Have 2 hour lunch breaks and a strike, or just emigrate to french speaking part of Switzerland? /s
Make sure they're good at math, and have good grades in high-school so they can get selected to a good "prépa". Make sure they don't slack off in prépa.
Make them move abroad. [1]

I kind of slacked off when I was in post secondary school, I didn't go to "classe prépa" but did a DUT because I was bored of studies, still ended up afterwards in an engineering school after my DUT because my parents kind of pushed me to contest for an entry. I ended up even more bored, fell in love with a girl I met that was living in another country, dropped from the engineering school after the first year, moved abroad to join her, applied there for a job, got it at first interview. Being motivated in a work environment (compared to a more meaningless to me educationnal one), I quickly climbed the echelons to be considered an "engineer" in the industry meaning, without having an actual engineering degree. I did so during the few years it takes someone to finish engineering/grandes écoles and find an actual job in France.

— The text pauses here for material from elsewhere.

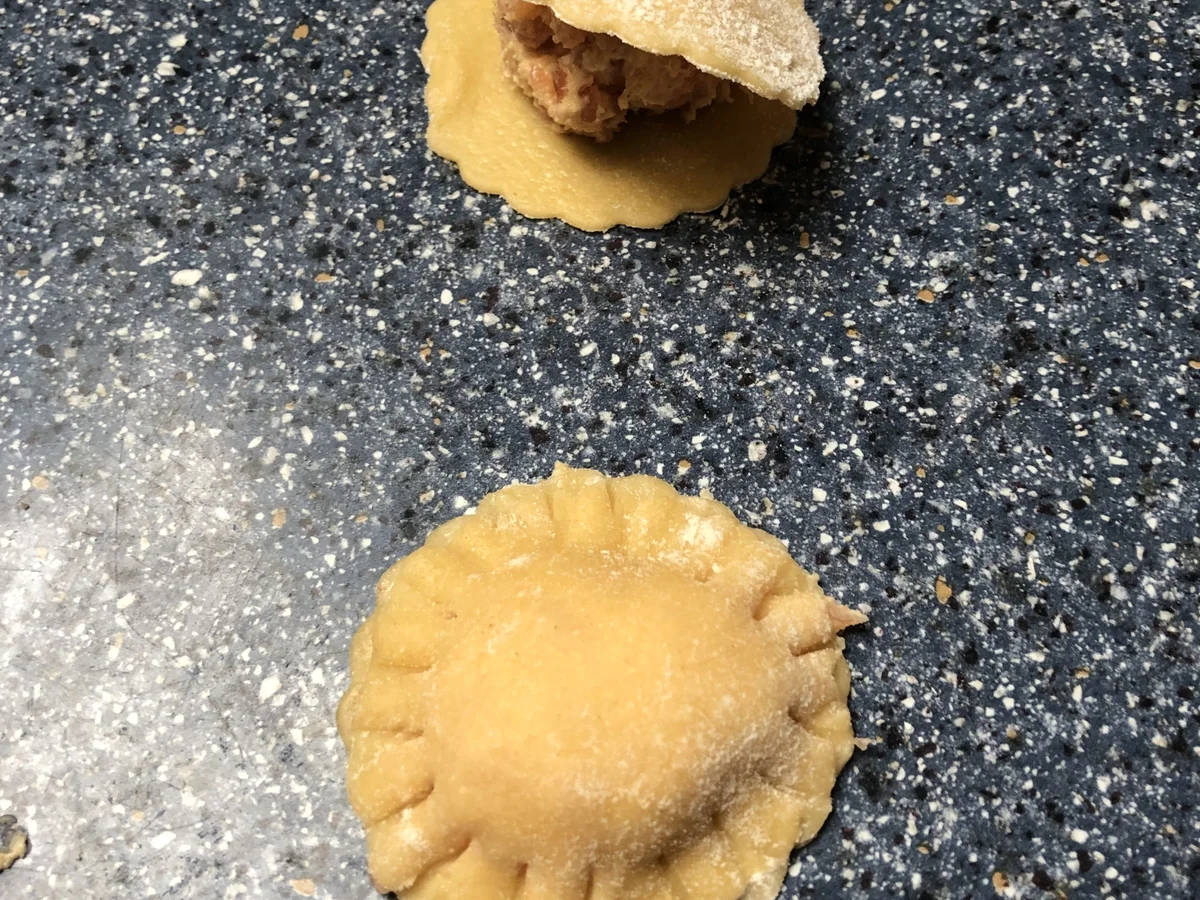 Lachsravioli - Rezept - Bild Nr. 16713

I learned that in many places outside of France having a few years more work experience and verifiable credentials is actually more valuable than a nice degree when applying for a job being 25 and that at 35 nobody cares anymore what degree you got in the first place.

[1] I am taking the assumption that your kids will or have already obtained french nationality and a european passport.

- Make them good at science, i.e., Maths and Physics.

- Get them into a decent high school, e.g., Henri 4 or Louis Le Grand in Paris.

- Hope they have good grades and manage to get into a good preparatory class [1], e.g., Henri 4, Louis Le Grand in Paris, or Hoche and Sainte-Geneniève in Versailles.

- Make sure they don't slack off, and hope they get into a good engineer school, e.g., Ecole Polytechnique, Ecole des Mines, Ecole Nationale des Ponts et Chaussés, CentraleSupelec.

(Lists are not exhaustive)

If they manage to get into one of these schools, they will most likely end up not have any difficulty to find a somewhat well-paid job in France.

[1]: https://en.wikipedia.org/wiki/Classe_pr%C3%A9paratoire_aux_g...

You can find some guides on the topic, for example: https://www.letudiant.fr/etudes/classes-prepa.html.

Very often, when a kid is good enough its school main teacher will mention the possibility of going to a prépa: it's good for a school reputation when they can send kids to prépas.

For sure it's better when the parents are already in the known, but it wasn't the case for me and it was not a show stopper. There's plenty of public information and the importance of "grandes écoles" in France is not a secret.

When I talk about these paths, I mostly mean prepas and grande écoles, but that doesn't mean I recommend them.

Yeah you're set for life if you succeed there, but the student suicide rate in those schools is also astonishingly high because of the pressure/competition.

If I were you, I'd just teach my kids to code, learn, build stuff, sell stuff, and use AI correctly. IMO school is an outdated concept, in any country.

Move to Quebec.
Terrible idea if you are not white, do not have a French surname or are visibly muslim.
Worse than France? Doubt it. In Quebec You mostly need to speak properly.

Plus, if you have French citizenship, u get cheap access to some pretty good universities.